◆ **What to work on**: An exact copy is needed of the lines in the entries below from the line with "Qui est le fournisseur de Picard ?" up to and including the line with "Swiss Cougar Havana", and of nothing else. Leave the pictures out.

■ ■ ■ ■ ■

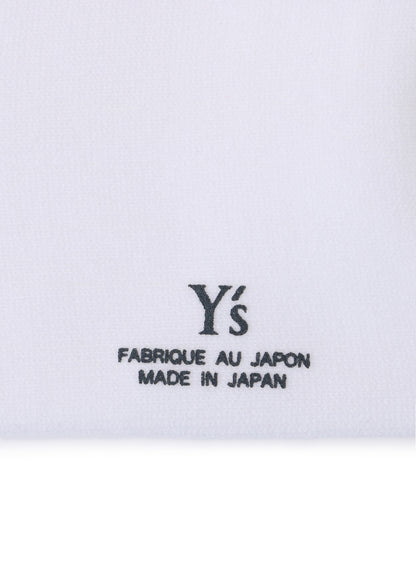 NYLON JERSEY CLASSIC SOCKS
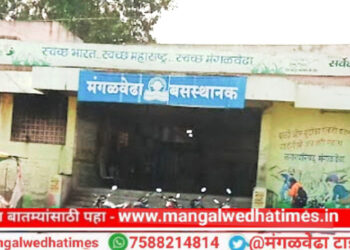 महिलांनो! बसने प्रवास करताय तर सावधान, मंगळवेढा बसस्थानकावरून महिला प्रवाशाचे १० लाख किंमतीचे सोन्याचे दागिने चोरट्याने हातोहात पळविले; स्थानिक गुन्हे शाखेचे पथक दाखल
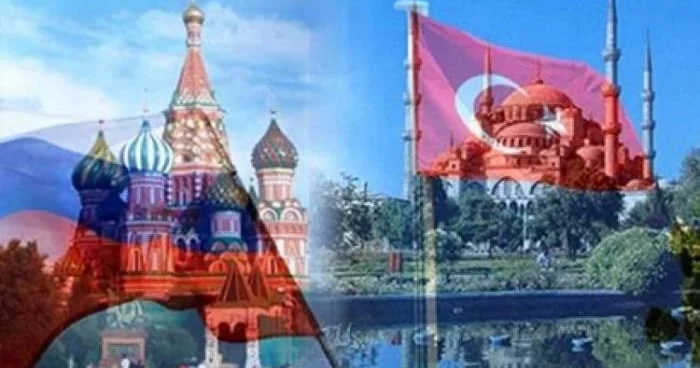 Rusiya: Türkiyə ilə əlaqələr dinamik və müsbət inkişaf edir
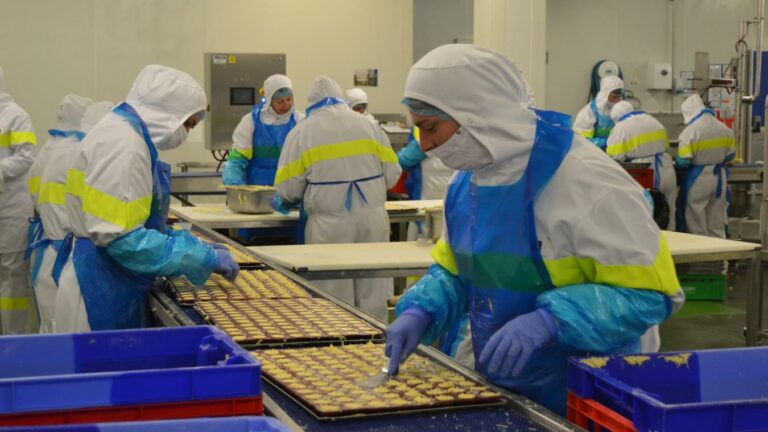 Qui est le fournisseur de Picard ?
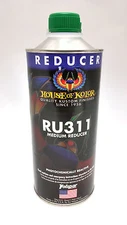 House of Kolor Medium Urethane Reducer Quart RU311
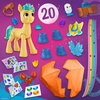 My little pony F3606 F1785 Kucyk Hitch z akcesoriami 899746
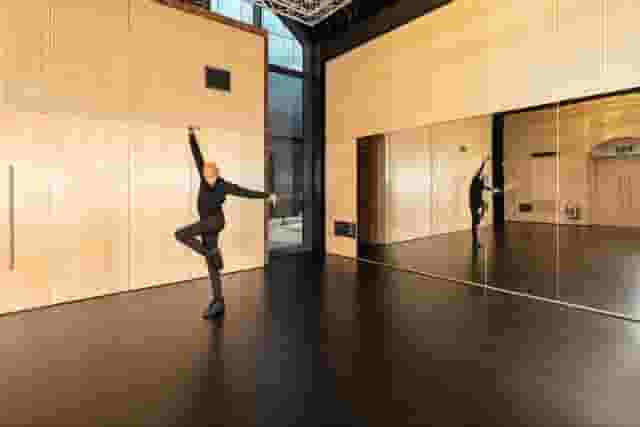 Studio Bee +2 more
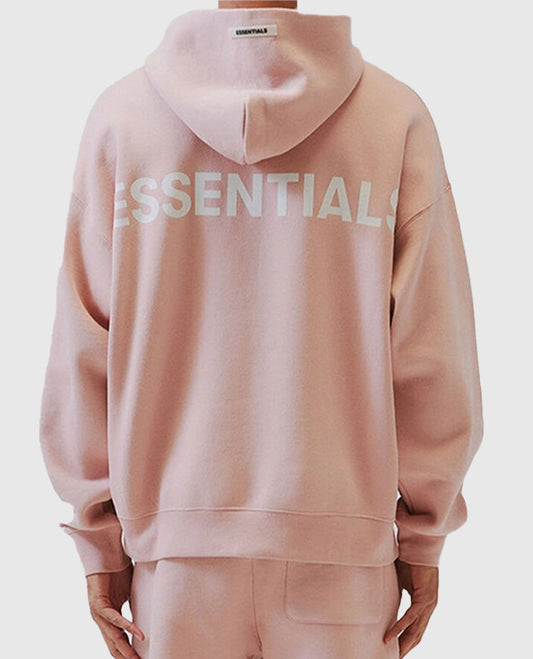 Pacsun Essentials Hoodie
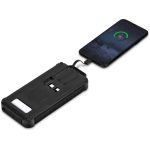 Swiss Cougar Havana Wireless Charging Solar Power Bank - 10 000mAh - Image 16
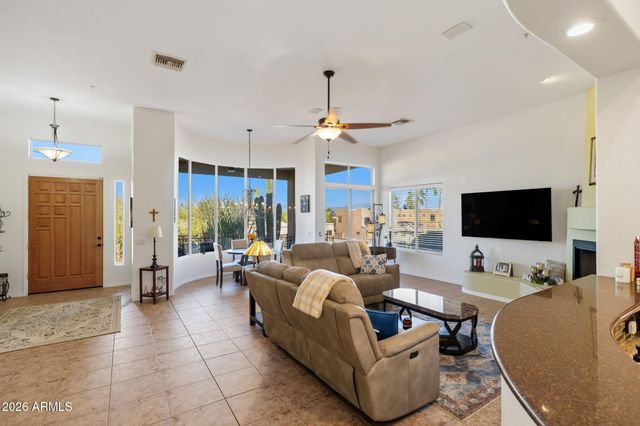 16411 E FAIRLYNN Drive, Fountain Hills, AZ 85268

■ ■ ■ ■ ■

◆ **Solution**:
 Qui est le fournisseur de Picard ?
 House of Kolor Medium Urethane Reducer Quart RU311
 My little pony F3606 F1785 Kucyk Hitch z akcesoriami 899746
 Studio Bee +2 more
 Pacsun Essentials Hoodie
 Swiss Cougar Havana Wireless Charging Solar Power Bank - 10 000mAh - Image 16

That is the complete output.